Somos
animales de costumbres. Desde que nacemos nos enseñan a adaptarnos a unos
horarios y a unas rutinas. Comer, jugar, dormir, baño. A esto se reducen nuestros
primeros años. Una serie de acciones repetidas que nos dan seguridad. Dicen que
saber lo que va a pasar a continuación nos brinda una vida más plácida. Las
costumbres varían no solo de un país a otro o de una época a otra de la
historia. Cada comunidad o cada núcleo familiar tiene las suyas. Algunas son
aceptadas casi universalmente y otras son vistas como algo exótico. Cada uno
cree que su manera habitual de hacer las cosas es la correcta. De ahí, esa
maldita manía de aconsejar a los demás. “No acostumbres al bebé a que se
duerma al pecho. No lo acostumbres a acostarlo en la cama contigo.

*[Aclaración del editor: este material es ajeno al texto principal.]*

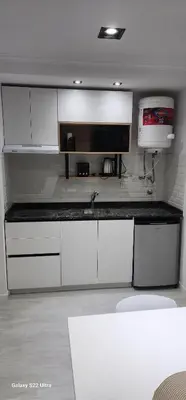 a kitchen with white cabinets and a counter top at Miralejos 16 Apartamento in Villa Carlos Paz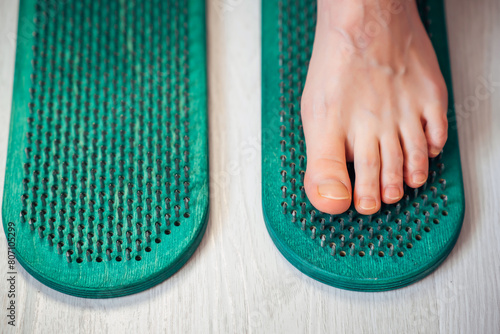 Close-up of Sadhu board with human foot. Feet standing on nails bed. Yoga exercise and spiritual meditation practice desk. Alternative medicine and treatment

No lo
acostumbres a cogerlo en brazos”, me dice la gente.
¿Tan
difícil será eliminar uno de esos hábitos? ¿Tanto sufrirá cuando tenga que
despegarse de esas malas costumbres? Los hermanos mayores nos acostumbramos a
ser hijos únicos hasta que llega un hermanito y nos destrona. Nos acostumbramos
a vivir en la casa familiar hasta que un día tenemos que mudarnos a un piso
pequeño y volver a empezar. Nos acostumbramos a una cama, a una tele, a un
coche, pero de pronto hay que sustituiros y empezar de nuevo con el proceso de
adaptación. Nos acostumbramos al calor de una pareja, hasta que un día te
abandona; a la seguridad de un padre, pero un día se muere; a la estabilidad de
un trabajo, pero estalla una crisis y se ven obligados a despedirte. Nos
acostumbramos al euro, a la tele basura, al tanga, a no fumar en los bares y al gin tonic con pepino. Si pudimos adaptarnos
a todo ello sin sufrir ningún trauma, creo que me arriesgaré y seguiré dándole
a mi bebé teta, cama y brazo sin temor a malacostumbrarlo.